What you have to do: Would you give again, exactly as written, the lines from the opening of the records to the line with "FORD HUBCAP, FORD", that line included and pictures excluded?

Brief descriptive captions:
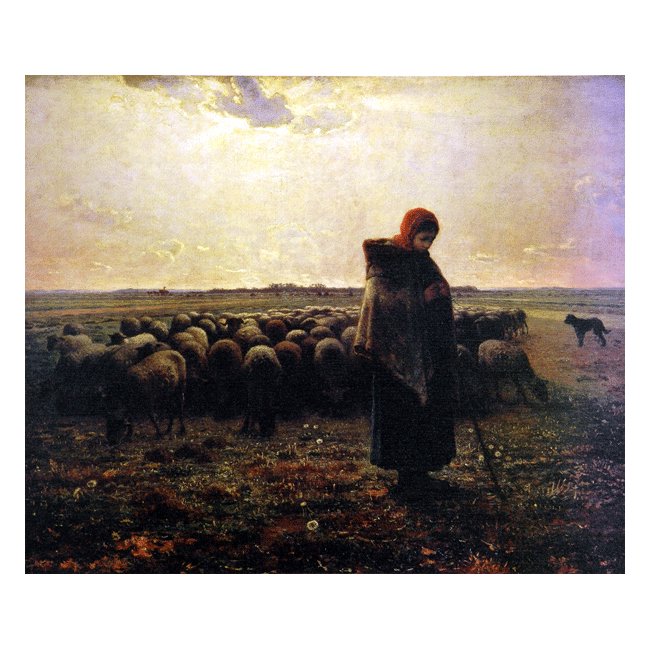 羊飼いの少女　ジャンフランソワ・ミレー　油彩・キャンバス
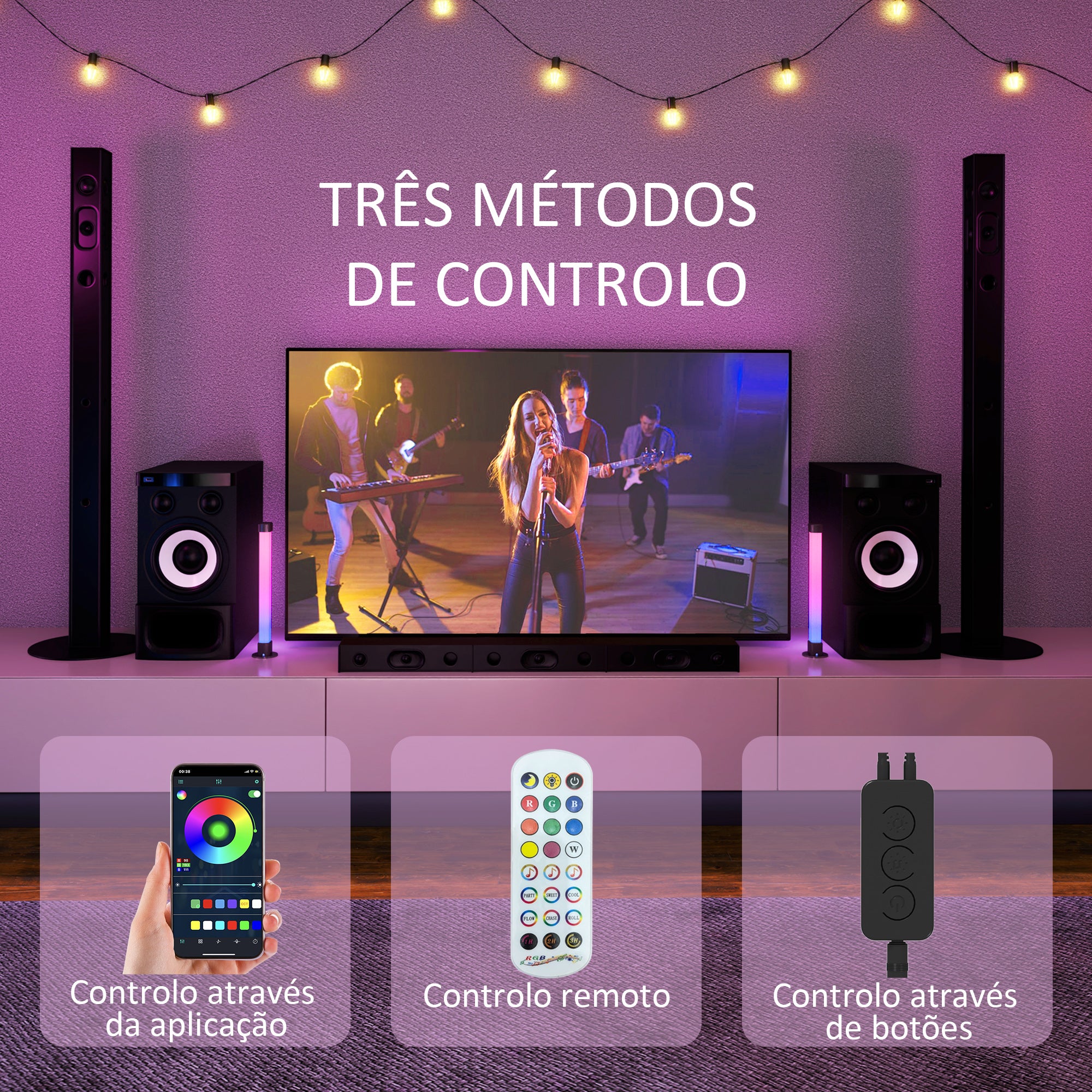 HOMCOM Conjunto 2 Candeeiros Mesa LED RGB Bluetooth Música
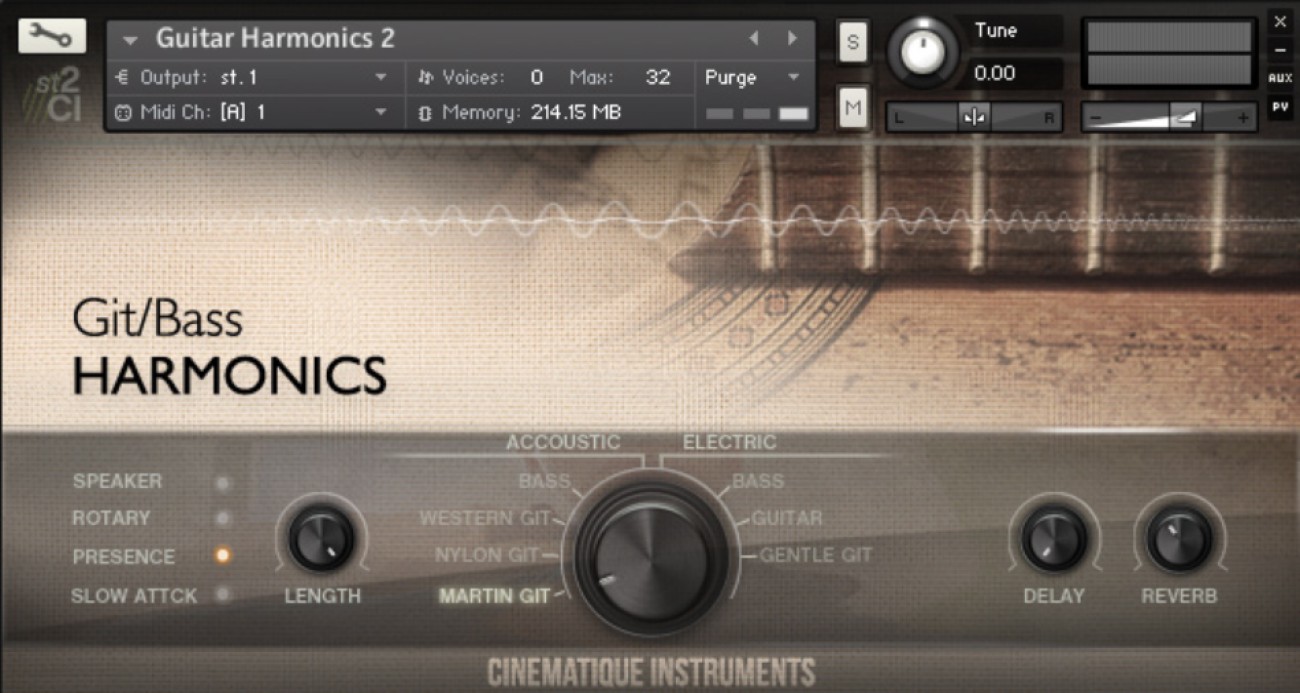 Harmony v2. Guitar Harmonics. Harmony Guitar LP. Cinematique instruments - Lute v2. Cinematique instruments - Ronroco v2.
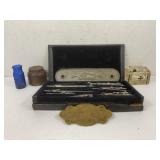 FORD HUBCAP, FORD PLATE, H&A BRASS TAG, ASHTRAY,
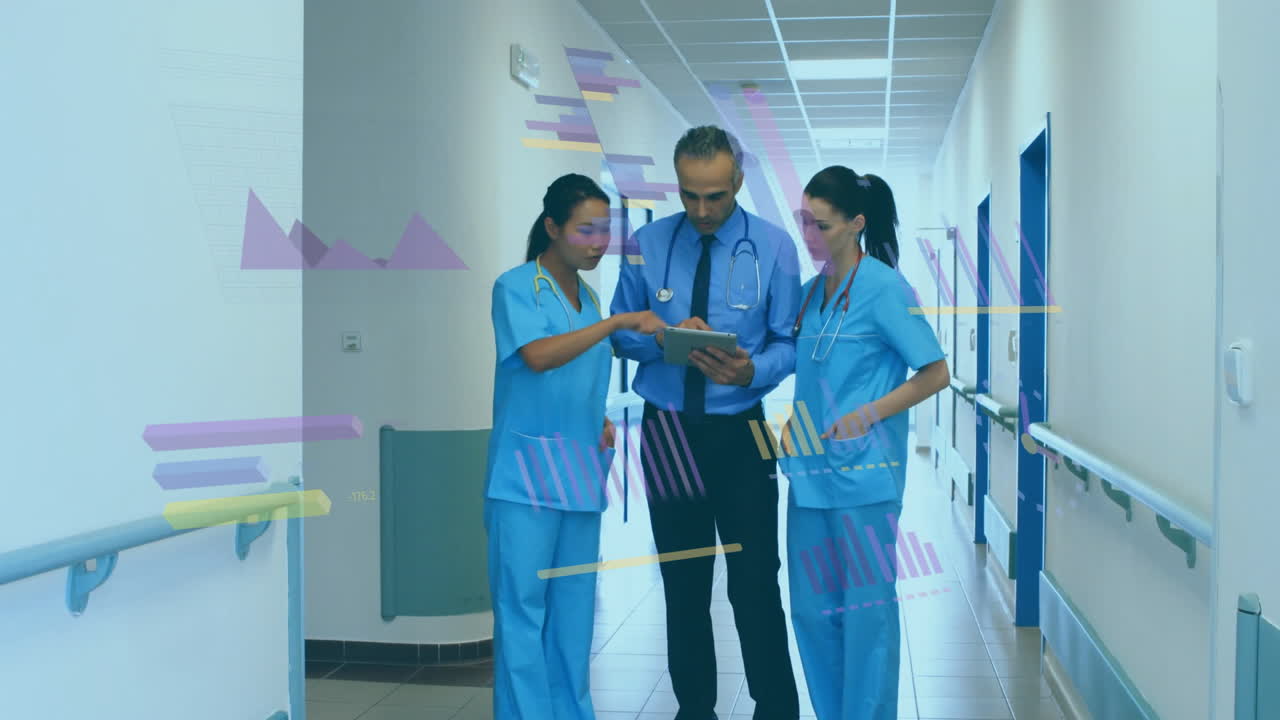 Animation of financial data processing over diverse doctors discussing work in hospital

Answer box:
 羊飼いの少女　ジャンフランソワ・ミレー　油彩・キャンバス
 HOMCOM Conjunto 2 Candeeiros Mesa LED RGB Bluetooth Música
 Harmony v2. Guitar Harmonics. Harmony Guitar LP. Cinematique instruments - Lute v2. Cinematique instruments - Ronroco v2.
 FORD HUBCAP, FORD PLATE, H&A BRASS TAG, ASHTRAY,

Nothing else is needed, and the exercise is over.